• Problem requirements
Give back every record precisely.

• Given information

○ ○ ○

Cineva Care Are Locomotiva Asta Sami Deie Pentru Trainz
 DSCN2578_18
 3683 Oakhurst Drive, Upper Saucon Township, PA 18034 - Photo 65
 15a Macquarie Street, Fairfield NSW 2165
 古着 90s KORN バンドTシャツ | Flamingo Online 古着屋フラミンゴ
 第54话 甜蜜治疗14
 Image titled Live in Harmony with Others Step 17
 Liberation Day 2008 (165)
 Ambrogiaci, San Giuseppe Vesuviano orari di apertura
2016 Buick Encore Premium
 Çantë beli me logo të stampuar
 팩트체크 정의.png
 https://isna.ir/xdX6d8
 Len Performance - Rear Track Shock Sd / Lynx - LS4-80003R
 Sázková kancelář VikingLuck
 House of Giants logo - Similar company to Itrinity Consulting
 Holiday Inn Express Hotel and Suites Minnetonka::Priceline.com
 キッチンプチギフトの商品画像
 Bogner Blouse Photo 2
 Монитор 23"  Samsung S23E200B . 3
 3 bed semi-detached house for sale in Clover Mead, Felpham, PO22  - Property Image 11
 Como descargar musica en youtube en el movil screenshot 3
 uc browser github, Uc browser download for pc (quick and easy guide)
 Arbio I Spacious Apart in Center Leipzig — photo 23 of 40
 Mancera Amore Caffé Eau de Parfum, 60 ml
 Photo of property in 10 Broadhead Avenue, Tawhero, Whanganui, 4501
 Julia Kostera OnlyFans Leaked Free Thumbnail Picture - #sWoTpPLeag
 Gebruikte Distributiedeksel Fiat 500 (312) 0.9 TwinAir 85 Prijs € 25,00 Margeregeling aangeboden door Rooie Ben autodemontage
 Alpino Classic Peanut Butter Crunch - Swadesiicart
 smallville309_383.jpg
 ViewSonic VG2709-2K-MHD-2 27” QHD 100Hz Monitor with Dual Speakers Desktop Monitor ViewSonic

○ ○ ○

• Solution to this task
Cineva Care Are Locomotiva Asta Sami Deie Pentru Trainz
 DSCN2578_18
 3683 Oakhurst Drive, Upper Saucon Township, PA 18034 - Photo 65
 15a Macquarie Street, Fairfield NSW 2165
 古着 90s KORN バンドTシャツ | Flamingo Online 古着屋フラミンゴ
 第54话 甜蜜治疗14
 Image titled Live in Harmony with Others Step 17
 Liberation Day 2008 (165)
 Ambrogiaci, San Giuseppe Vesuviano orari di apertura
2016 Buick Encore Premium
 Çantë beli me logo të stampuar
 팩트체크 정의.png
 https://isna.ir/xdX6d8
 Len Performance - Rear Track Shock Sd / Lynx - LS4-80003R
 Sázková kancelář VikingLuck
 House of Giants logo - Similar company to Itrinity Consulting
 Holiday Inn Express Hotel and Suites Minnetonka::Priceline.com
 キッチンプチギフトの商品画像
 Bogner Blouse Photo 2
 Монитор 23"  Samsung S23E200B . 3
 3 bed semi-detached house for sale in Clover Mead, Felpham, PO22  - Property Image 11
 Como descargar musica en youtube en el movil screenshot 3
 uc browser github, Uc browser download for pc (quick and easy guide)
 Arbio I Spacious Apart in Center Leipzig — photo 23 of 40
 Mancera Amore Caffé Eau de Parfum, 60 ml
 Photo of property in 10 Broadhead Avenue, Tawhero, Whanganui, 4501
 Julia Kostera OnlyFans Leaked Free Thumbnail Picture - #sWoTpPLeag
 Gebruikte Distributiedeksel Fiat 500 (312) 0.9 TwinAir 85 Prijs € 25,00 Margeregeling aangeboden door Rooie Ben autodemontage
 Alpino Classic Peanut Butter Crunch - Swadesiicart
 smallville309_383.jpg
 ViewSonic VG2709-2K-MHD-2 27” QHD 100Hz Monitor with Dual Speakers Desktop Monitor ViewSonic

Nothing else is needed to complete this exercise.